- _Try it_:
In the records below, find the line that contains "radiostres.com" and the line that contains "Floor Plan - B18". Set down exactly those lines and every line between them, and nothing more.

- _Data to examine_:
######

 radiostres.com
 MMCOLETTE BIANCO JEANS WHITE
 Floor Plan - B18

######

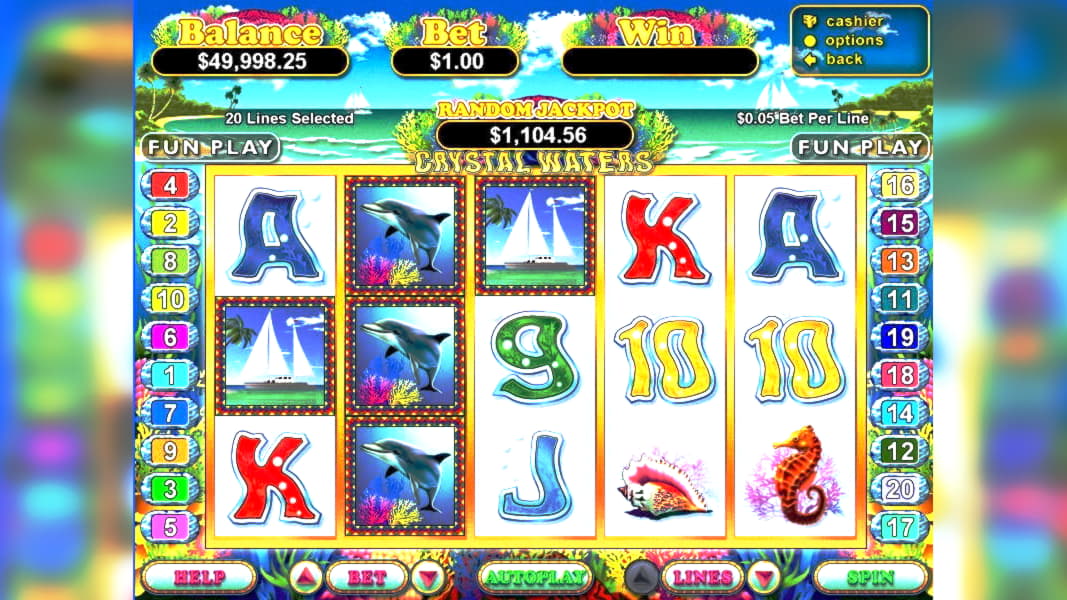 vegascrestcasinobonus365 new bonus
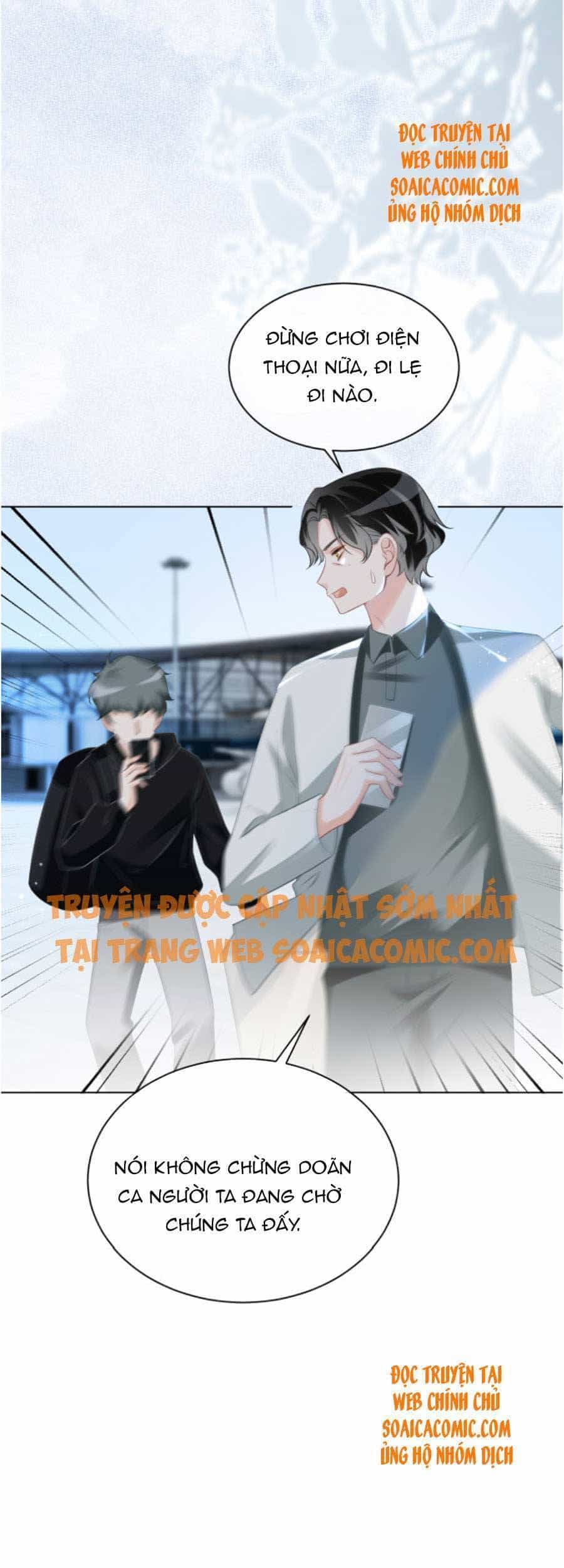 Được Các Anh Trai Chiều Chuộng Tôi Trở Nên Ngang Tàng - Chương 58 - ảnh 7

######

- _Solved problem_:
 radiostres.com
 MMCOLETTE BIANCO JEANS WHITE
 Floor Plan - B18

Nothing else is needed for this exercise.